第13章 晴れのち思い出
「夜まで時間がありますけど、他にしたいことはありますか?」
したいことと言われると、確かに欲しいものはある。
『うーん。喫茶店とか服屋さん...かな?
でも買ってもまた段ボールに詰めないとやし...
これ以上、服が増えるのもなー。』
「いいですよ。お手伝いはしますし、
幸い、置き場に困ることはないので。」
『ほんま?まだ買うかはわからんけど、
もし、買ったときはお願いします!』
「ええ、もちろん。目星はついてるのですか?」
『行きたいのは服のリサイクルショップなんよね!
だから、掘り出し物があったらいいなって!』
「これまた意外ですねぇ。リサイクルショップですか?」
服と言っても只の服ではない。
休みの日にたまに行くリサイクルショップ。
『実は、着物なんよね。
アンティークの着物に...その...目がなくて...』
「.....」
『幻太郎?』
何かを考え込むように口を閉ざした彼が気になり、
声をかける
「あぁ、すいません。
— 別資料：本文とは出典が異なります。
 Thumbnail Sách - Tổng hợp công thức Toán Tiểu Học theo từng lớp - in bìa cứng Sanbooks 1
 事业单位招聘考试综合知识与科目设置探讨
想像するとあまりにも綺麗で。」
『あ、想像してたのね。』
「素敵なご趣味をお持ちですね。」
凄くにこやかな幻太郎に少し笑いそうになる。
「では、準備をして、デートと洒落込みましょうか。」
そっか。デートか。
改めて言葉を噛み締めると、自然と気合いが入る。
『じゃぁ、準備してくるね。』
化粧をして、髪はツインの三つ編み。
服は...
着物でそんなに喜ぶなら、やっぱ着物かな。
私服のように着物を着る。着物警察に怒られても、
好きなことをする自分が好き。
でも、幻太郎に邪道だと言われないかな...
そう考えつつ、
紫のタートルネックに、丈が膝下まで黒のタイトスカート、紫のタイツ。ここまでは洋服だけど、
そこに
白地に黒の幾何学模様の小紋。帯は深緑の名古屋帯で銀座結び。帯留めは芥子色。黒のふわふわのベレー帽。
和洋折衷がここ最近はマイブーム。
部屋から出ると幻太郎は既に準備が出来てたみたい。
『ごめんね、待たせなよな!』
「いえいえ、大丈...夫...」
振り返った幻太郎が目を見開く。
『やっぱ、邪道?』
「き...だ...」
『え?』
「綺麗です。とっても。」
愛おしい物を見るよう目つきで、口角が上がった彼にホッとする。